A Fiscal Citizenship Elevator Pitch (Larry Zelenak)

Episode Summary

Professor Larry Zelenak reads voraciously and writes passionately and he joins us to discuss both. We talk about the books he’s written, the books his written about and lots more. Learn why Treasury Secretary Andrew W. Mellon believed “the fairness” of taxing wages at a lower rate than capital income was “beyond question” and why some people just might actually love Form 1040. And most importantly, learn what it takes to make an elevator pitch about the value of fiscal citizenship.
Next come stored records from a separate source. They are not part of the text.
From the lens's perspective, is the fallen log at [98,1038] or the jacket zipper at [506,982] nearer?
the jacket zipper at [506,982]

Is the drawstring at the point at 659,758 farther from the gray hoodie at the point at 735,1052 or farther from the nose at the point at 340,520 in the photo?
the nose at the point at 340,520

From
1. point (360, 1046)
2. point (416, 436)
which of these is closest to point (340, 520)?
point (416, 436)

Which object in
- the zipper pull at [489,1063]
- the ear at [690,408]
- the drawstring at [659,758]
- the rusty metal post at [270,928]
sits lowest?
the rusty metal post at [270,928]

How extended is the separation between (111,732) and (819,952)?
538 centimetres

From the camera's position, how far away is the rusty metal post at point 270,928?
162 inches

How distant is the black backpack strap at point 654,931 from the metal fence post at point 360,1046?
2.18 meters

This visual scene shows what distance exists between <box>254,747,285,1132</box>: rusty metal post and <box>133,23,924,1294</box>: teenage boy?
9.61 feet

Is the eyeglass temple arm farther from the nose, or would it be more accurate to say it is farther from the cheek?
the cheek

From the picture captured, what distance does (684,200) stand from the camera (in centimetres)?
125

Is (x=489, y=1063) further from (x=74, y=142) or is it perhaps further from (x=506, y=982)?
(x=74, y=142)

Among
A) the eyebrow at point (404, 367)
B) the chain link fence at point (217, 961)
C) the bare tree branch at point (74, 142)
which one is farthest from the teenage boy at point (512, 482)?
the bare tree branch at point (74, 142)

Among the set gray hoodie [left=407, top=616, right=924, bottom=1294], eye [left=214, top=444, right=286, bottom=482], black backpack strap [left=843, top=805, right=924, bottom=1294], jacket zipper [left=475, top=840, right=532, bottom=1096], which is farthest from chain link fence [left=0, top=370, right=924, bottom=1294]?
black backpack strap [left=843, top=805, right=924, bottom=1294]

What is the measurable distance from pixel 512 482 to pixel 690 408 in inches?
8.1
Zelenak also answers a pencil question from an article by Richard Musgrave about the Investment Tax Credit (a hat tip to Professor Ajay Mehrotra at Northwestern and the Americana Bar Foundation).

Episode Notes

Zelenak is the Pamela B. Gann Professor of Law at Duke Law and the author of Figuring Out the Tax: Congress, Treasury, and the Design of the Early Modern Income Tax (Cambridge University Press, 2018) and Learning to Love Form 1040: Two Cheers for the Return-Based Mass Income Tax (University of Chicago Press, 2013), countless articles and “The Great American Tax Novel”, a review of David Foster Wallace’s The Pale King. In addition to his work as a scholar, Zelenak served as a professor in residence at the Office of the Chief Counsel, Internal Revenue Service, Washington, DC. 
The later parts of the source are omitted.